Kinematics of turning maneuvers in the southern flying squirrel, Glaucomys volans

Abstract

The ability to change direction is essential to any animal that moves around in a complex, 3D environment. In this study we present the first 3D description of body positions during gliding turns in a mammalian gliding specialist, the southern flying squirrel, Glaucomys volans. In addition, we used these kinematic data to estimate the aerodynamic forces generated by the animals and rotational velocities and accelerations of the body while turning. These results were compared with similar measurements of flying squirrels during straight glides. The two individuals used in this study differed significantly in limb position asymmetries between the two sides of their bodies and also were significantly different in measures of turning performance. The individual with better performance used limb positions consistent with a primarily lift-based turning mechanism (banked turn), whereas the individual with poorer performance used limb positions consistent with a primarily drag-based turning mechanism (crabbed turn).

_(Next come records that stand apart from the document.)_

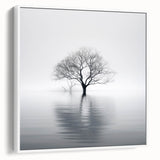 Framed canvas wall art displaying a vibrant abstract floral design in soft pastel colors, showcased in a stylish white frame, enhancing modern decor aesthetics.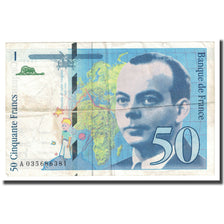 France, 50 Francs, St Exupéry, 1997, B+, Fayette:73.4, KM:157Ad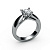 Массивное помолвочное кольцо с бриллиантом 0,32 карат (Вес: 6 гр.)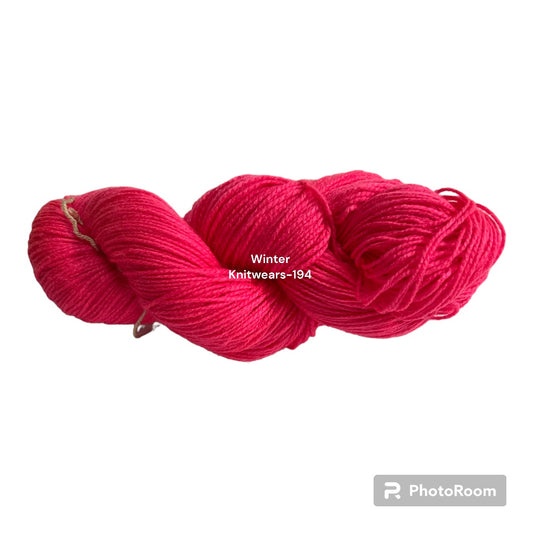 Vardhman Millenium Baby Soft Yarn DK Reverse twisted 4 ply 100gms-124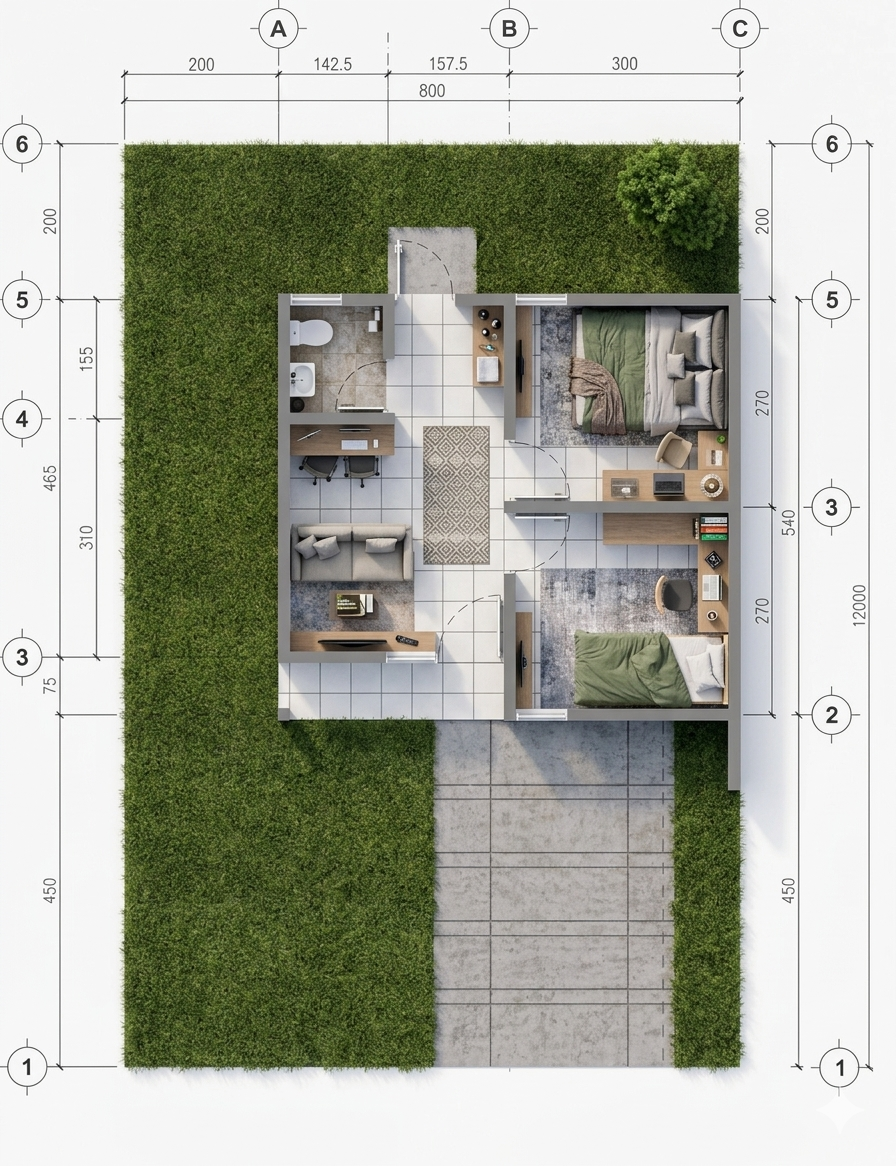Denah layout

Both individuals employed limb movements continuously through the gliding turn, but these movements did not have any consistent relationships with body rotations or lateral acceleration. As compared with straight glides, squirrels used significantly higher angles of attack and had lower lift-to-drag ratios, but did not differ in glide angle. Contrary to the typical view of maneuvering during gliding as a simple, static form of locomotion, the results presented here indicate that mammalian gliding is a complex behavior comprising the interplay of many components of limb position and wing shape that affect the balance of forces that control the turn.